でも海の家とかがある日本のそういうとこでもない。
一緒に海に行こうってなってる人と、
すぐそこに海がある場所で、
上に着ていたものを脱いでさっと水着姿になるって、いけないこと…ではない気がする。
でも、今。
「…なぁ、誘ってんの?」
わたしは車に押し付けられ、
顎をぐいっとされて、凄まれている。
…あばあばする侑くんはかわいいけど、
凄むと本当に迫力がすごい。
色気も、ものすごい。
「俺のことからかうんも、全部前戯なん?
煽って、襲わせようとしてるん?なんなん?」
『…ねぇ、侑くん』
「…なに?」
怒らせちゃったのかもしれない、
配慮が足りなかったのかもしれない、
けどもうわたし……
『わたし、我慢できないの、もう。

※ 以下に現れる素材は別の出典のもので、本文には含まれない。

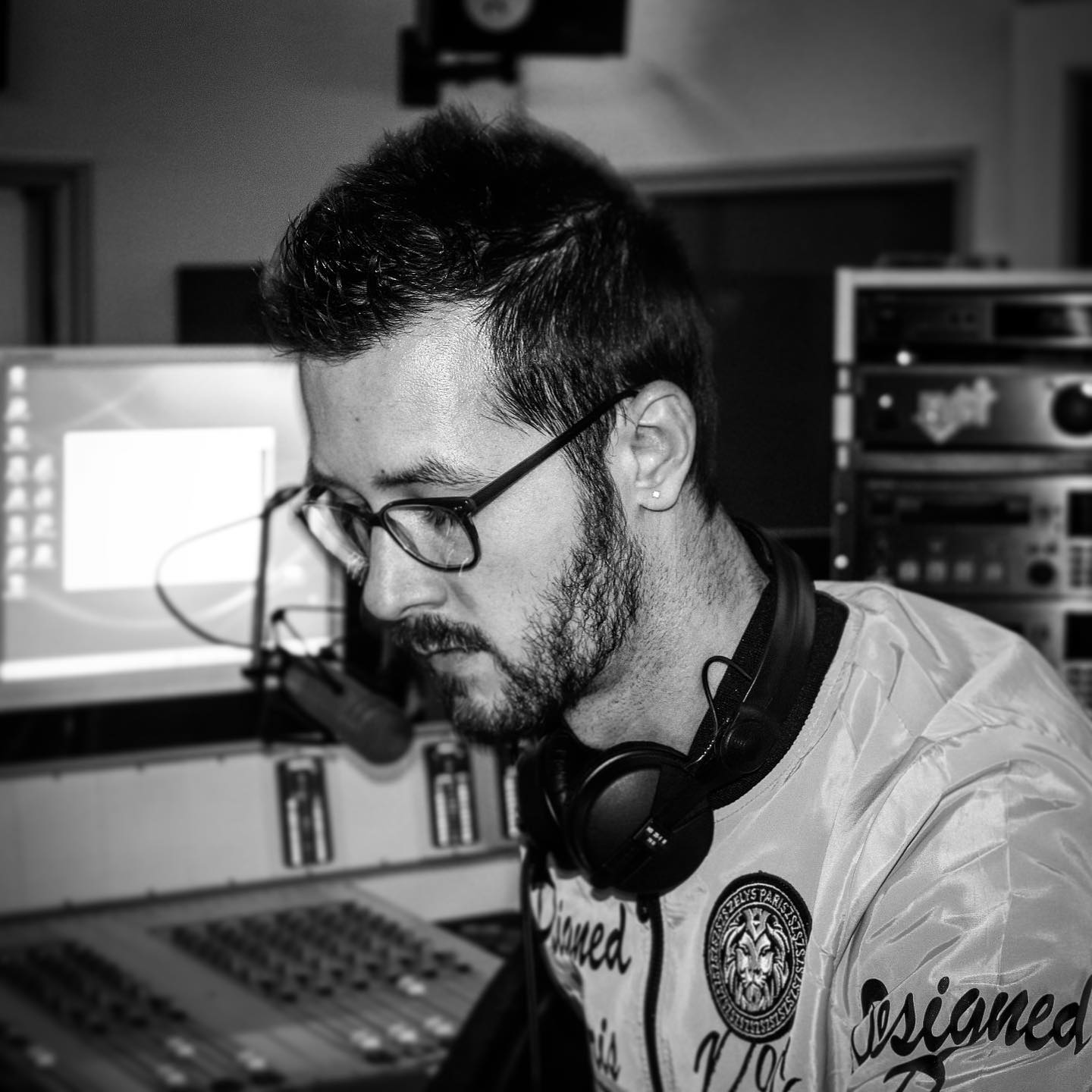 DJ defra - 09.jpg (163 KB)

早くして?』
「…は? …はぁ? してええの? …え、あ、してって、何を?」
『早く、離して。 海入りたいの』
「………」
『………』
「…そ、そやな、そらそーや、海行こ!」
『侑くんはそのまま?インナー履いたまま入る感じ?』
「ぉん」
『それならもう行こ!』
禁断症状と呼ぶには、ちょっと違う。
海には毎日のように入っている。
でも、でも、学業に割く時間や熱量を大きくするほど、
わたしの身体は反動のように海を、欲しがる。
それはもう、病気と言っても良いくらいに。
欲しくて欲しくてたまらなくなるのだ。
ゴーサインが出たのなら、躊躇してる暇などない。
侑くんの手をとって、
右手にサーフボードとネクタリンを抱えて、走り出す。